In a 1926 essay, “The Penalty of Death,” American satirist and cultural X-rayer H.L. Mencken presented his arguments in favor of the death penalty. Mencken thought the practice was worth preserving mostly because of the “salubrious discharge of emotions” it offers, a “healthy letting off of steam” that he called katharsis. He contended that “one of the prime objects of all judicial punishments is to afford…grateful relief (a) to the immediate victims of the criminal punished, and (b) to the general body of moral and timorous men.”

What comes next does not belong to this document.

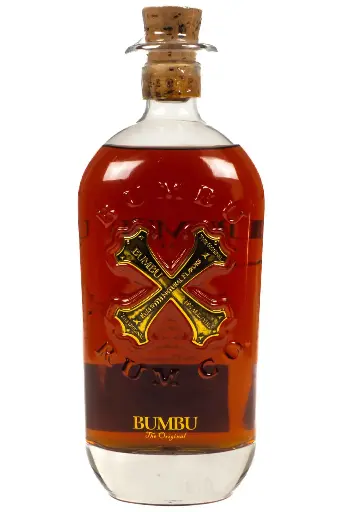[303358] Bumbu Rum - 40°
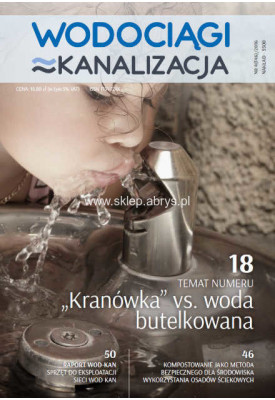 Wodociągi-Kanalizacja 4/2016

For Mencken, katharsis was especially important where capital crimes were concerned. Without flushing the stain of murder, rape, or some other heinous offense from the hearts and minds of the living — without summing that grim and left-handed equation by which the horror of transgression is balanced out by retribution against the transgressor — there could be no real peace, either in the breast of the wronged and aggrieved, or in society at large. Some crimes are so wicked that they demand a mortal recompense. In Mencken’s view, where wanton violence has thrown the world out of order, somehow only lawful and deliberate violence can restore the world to working form. Until the dark price has been paid, society cringes in a sickly light. Katharsis, won by taking the life of he who brought chaos into our midst, is the only cure for the community stricken by unimaginable evil. We pin the sickness to his lapel and send him back to God.

Truth be told, I agree with Mencken. I agree as a Catholic. As Monica Migliorino Miller, who is opposed to the death penalty, set forth in these pages (“Is Francis’s Revised Teaching on the Death Penalty a Development of Doctrine?” Dec. 2018), and as other faithful Catholics, such as Edward Feser and Joseph Bessette, have also argued, the Church’s teaching on capital punishment has been consistent for all but the past 50 or so years. Those who wish to renounce the death penalty by appealing to the Magisterium must slalom through a whole field of counterarguments.

There is also something about the death penalty that casts light into the darker corners of our human nature. If I peer into my own soul and am honest, I can see that the desire for revenge is not a godly want. But the desire for justice is. I take no pleasure when I learn that a rapist, murderer, pedophile, or gangbanger has met his Maker at the end of a rope or in the electric chair. But, God help me, I do take satisfaction. Thank God, it is done, I think. The human heart is a murky swamp, and things are not always as they seem, but it is this murky thing that Christ came to save, and it gives me great comfort — yes, that is the word — to see the sheep being separated from the goats. Vengeance is Mine, saith the Lord. Vengeance and glory be to God forever, but the earthly settling of accounts is, by some mysterious design, up to men to work out. The Bible makes it clear as day: God sometimes uses princes for chastisement (cf., e.g., Jer. 38.).